Michael R. Sheehy is a scholar of Tibetan Buddhism and Contemplative Studies. His research focuses on the generative, dynamic, and ever-evolving processes of contemplative practices detailed in historical Tibetan meditation manuals. His writing, translation, and research give attention to contemplative practices and philosophical thought in Tibet, and more broadly, to the relevance of meditation research in the humanities, cultural psychology, and the cognitive sciences. 

Michael studied extensively in Buddhist Asia, including three years studying in a Buddhist monastery in the nomadic Golok cultural domain of far eastern Tibet, and for more than twelve years, he worked with monastic communities on-the-ground to digitally preserve rare manuscripts across the Tibetan plateau. As a visiting scholar at Harvard Divinity School, and then as the director of programs at the Mind & Life Institute – where he directed Mind & Life Dialogues XXXII in Botswana and XXXIII in India – his focus has been the intercultural dialogue between Buddhism and science. Over the past few years, he has collaborated on interdisciplinary dialogues that interface Buddhism with science and consulted on scientific research projects. 
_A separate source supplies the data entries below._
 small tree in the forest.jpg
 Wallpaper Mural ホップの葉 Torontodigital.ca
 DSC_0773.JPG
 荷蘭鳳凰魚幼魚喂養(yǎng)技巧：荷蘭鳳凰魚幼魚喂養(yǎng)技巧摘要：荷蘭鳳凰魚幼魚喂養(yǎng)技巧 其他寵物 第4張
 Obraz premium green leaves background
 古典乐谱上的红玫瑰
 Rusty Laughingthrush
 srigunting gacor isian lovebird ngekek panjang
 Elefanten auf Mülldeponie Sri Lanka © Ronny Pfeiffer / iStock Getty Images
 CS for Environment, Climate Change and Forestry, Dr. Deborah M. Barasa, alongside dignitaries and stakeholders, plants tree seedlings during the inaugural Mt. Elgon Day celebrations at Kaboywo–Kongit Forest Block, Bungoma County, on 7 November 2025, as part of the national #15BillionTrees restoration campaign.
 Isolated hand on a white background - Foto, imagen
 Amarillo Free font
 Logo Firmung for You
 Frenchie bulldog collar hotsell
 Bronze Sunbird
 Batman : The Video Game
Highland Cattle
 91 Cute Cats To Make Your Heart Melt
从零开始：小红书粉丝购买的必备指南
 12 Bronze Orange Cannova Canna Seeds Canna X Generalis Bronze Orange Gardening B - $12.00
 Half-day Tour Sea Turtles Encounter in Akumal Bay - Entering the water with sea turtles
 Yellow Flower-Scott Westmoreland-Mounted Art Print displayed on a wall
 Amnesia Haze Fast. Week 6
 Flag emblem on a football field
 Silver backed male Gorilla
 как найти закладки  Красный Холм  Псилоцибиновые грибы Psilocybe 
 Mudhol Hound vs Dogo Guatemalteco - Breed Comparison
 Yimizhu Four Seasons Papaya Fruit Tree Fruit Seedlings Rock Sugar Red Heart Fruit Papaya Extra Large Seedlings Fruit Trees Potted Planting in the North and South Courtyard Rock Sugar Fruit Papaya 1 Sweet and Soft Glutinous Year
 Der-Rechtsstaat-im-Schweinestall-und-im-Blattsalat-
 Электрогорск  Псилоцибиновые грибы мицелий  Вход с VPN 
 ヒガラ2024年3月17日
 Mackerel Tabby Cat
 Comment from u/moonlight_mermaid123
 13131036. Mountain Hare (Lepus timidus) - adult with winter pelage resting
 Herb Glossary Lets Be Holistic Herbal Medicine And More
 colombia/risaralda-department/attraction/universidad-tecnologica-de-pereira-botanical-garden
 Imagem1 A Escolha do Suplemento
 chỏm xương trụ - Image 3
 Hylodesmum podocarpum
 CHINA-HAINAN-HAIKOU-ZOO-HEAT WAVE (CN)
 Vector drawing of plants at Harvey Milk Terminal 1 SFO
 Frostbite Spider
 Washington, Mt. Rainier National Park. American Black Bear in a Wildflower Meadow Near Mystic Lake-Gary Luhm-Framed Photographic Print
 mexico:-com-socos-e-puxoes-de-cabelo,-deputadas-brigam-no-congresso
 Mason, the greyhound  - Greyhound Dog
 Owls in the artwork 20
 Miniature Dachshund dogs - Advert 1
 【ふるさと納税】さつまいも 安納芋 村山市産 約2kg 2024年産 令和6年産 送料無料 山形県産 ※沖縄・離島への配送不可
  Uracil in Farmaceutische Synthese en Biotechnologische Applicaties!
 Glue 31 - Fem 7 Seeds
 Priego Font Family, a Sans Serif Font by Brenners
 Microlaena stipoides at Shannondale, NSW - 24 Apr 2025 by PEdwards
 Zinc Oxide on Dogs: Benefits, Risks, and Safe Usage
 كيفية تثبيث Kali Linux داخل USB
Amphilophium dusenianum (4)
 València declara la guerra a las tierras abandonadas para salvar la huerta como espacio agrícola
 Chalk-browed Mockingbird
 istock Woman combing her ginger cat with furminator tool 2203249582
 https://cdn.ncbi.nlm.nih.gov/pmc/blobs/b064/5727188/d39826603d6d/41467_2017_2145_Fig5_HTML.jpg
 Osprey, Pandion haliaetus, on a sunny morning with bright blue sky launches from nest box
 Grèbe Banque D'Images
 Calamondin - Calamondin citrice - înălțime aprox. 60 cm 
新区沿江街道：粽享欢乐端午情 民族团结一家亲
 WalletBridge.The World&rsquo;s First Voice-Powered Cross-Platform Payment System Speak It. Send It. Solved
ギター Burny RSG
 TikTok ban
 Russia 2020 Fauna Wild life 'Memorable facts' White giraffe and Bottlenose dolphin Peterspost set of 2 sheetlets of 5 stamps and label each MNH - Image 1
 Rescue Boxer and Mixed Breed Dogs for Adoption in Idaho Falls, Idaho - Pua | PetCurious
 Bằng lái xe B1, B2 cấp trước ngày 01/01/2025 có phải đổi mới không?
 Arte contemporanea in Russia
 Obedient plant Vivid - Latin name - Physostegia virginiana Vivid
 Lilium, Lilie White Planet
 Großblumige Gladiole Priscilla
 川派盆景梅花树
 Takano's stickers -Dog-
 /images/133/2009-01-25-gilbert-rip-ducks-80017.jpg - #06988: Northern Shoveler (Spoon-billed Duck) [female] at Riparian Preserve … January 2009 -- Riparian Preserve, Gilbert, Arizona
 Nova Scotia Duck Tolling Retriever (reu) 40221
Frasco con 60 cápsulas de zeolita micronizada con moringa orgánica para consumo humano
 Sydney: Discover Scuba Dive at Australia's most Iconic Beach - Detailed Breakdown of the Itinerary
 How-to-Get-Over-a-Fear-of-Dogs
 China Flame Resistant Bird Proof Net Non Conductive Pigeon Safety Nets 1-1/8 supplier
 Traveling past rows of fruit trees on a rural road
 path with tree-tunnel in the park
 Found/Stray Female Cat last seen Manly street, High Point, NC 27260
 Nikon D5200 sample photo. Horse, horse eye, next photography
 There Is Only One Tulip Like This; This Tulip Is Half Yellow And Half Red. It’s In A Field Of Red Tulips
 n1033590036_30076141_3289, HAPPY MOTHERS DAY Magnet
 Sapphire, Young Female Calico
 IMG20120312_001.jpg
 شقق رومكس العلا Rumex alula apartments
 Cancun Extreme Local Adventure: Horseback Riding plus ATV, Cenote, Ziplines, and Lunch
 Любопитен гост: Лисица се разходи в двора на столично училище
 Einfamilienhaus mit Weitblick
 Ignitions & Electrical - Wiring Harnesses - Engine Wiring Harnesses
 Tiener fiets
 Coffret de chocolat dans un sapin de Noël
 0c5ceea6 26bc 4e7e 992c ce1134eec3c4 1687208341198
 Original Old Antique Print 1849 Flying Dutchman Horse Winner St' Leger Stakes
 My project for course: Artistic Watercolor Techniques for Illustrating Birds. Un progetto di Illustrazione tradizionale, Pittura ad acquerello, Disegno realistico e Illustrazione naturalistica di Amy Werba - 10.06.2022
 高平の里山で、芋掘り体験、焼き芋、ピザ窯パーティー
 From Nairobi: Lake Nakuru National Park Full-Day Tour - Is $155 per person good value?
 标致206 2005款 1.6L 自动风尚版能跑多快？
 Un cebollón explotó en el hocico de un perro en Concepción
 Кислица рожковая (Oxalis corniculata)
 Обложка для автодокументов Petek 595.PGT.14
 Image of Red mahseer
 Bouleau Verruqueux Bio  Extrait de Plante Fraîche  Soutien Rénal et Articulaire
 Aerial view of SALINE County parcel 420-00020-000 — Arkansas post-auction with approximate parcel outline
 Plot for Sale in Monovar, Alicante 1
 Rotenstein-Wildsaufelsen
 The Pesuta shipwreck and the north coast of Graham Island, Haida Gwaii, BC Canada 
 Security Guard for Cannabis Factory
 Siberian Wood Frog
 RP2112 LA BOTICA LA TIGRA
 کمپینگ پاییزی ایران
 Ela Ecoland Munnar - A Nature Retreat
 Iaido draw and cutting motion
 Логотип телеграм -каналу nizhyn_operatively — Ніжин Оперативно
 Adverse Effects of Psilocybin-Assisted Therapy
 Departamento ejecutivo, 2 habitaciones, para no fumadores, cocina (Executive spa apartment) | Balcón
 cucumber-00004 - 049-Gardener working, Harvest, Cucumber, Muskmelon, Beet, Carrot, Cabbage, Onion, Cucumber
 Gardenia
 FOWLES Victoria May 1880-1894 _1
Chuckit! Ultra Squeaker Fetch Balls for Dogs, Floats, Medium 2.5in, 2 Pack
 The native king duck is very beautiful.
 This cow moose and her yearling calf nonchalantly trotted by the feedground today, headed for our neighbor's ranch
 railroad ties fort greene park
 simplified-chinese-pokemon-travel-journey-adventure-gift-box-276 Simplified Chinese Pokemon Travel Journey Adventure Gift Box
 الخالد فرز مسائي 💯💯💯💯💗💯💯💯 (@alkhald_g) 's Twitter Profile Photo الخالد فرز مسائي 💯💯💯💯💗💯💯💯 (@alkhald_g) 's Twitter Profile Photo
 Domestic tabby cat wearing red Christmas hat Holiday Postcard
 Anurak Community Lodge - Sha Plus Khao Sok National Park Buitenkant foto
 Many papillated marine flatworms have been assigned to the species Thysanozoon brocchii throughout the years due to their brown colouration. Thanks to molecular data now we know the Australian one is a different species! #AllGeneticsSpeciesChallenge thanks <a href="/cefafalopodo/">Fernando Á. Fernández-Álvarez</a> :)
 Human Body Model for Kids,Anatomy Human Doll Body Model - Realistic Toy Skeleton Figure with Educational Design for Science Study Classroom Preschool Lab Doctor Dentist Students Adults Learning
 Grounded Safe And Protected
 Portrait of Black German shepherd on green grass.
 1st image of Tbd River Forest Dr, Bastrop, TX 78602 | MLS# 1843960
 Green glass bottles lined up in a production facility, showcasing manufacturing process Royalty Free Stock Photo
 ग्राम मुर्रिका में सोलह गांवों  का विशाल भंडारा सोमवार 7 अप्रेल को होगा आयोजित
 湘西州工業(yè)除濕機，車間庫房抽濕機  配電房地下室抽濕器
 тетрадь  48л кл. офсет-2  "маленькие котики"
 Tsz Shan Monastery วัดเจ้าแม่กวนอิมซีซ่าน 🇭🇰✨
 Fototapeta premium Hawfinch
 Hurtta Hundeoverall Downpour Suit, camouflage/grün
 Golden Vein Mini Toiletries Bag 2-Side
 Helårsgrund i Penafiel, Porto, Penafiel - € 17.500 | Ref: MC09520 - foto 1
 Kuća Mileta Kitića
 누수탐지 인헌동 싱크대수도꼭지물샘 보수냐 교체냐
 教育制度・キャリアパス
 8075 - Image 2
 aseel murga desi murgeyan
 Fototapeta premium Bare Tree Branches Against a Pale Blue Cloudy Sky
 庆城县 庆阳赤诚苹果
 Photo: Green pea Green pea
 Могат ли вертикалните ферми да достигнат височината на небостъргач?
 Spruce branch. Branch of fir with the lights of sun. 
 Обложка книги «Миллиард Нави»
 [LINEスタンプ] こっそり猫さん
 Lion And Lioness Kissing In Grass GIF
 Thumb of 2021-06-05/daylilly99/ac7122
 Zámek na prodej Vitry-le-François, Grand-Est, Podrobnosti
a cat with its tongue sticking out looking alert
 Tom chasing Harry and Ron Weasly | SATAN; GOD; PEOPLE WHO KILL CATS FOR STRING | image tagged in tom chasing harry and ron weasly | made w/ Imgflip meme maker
Michael is a Research Assistant Professor in the Department of Religious Studies and the Director of Scholarship at the Contemplative Sciences Center at the University of Virginia. He is the cofounder and Executive Editor of the Journal of Contemplative Studies, and Series Editor for the Contemplative Studies as well as Traditions and Transformations in Tibetan Buddhism book series at the University of Virginia Press. He is coeditor of The Other Emptiness: Rethinking the Zhentong Buddhist Discourse in Tibet, and his forthcoming book is an intellectual history of the Jonang order of Tibetan Buddhism. He is currently writing a book about Tibetan contemplative practices.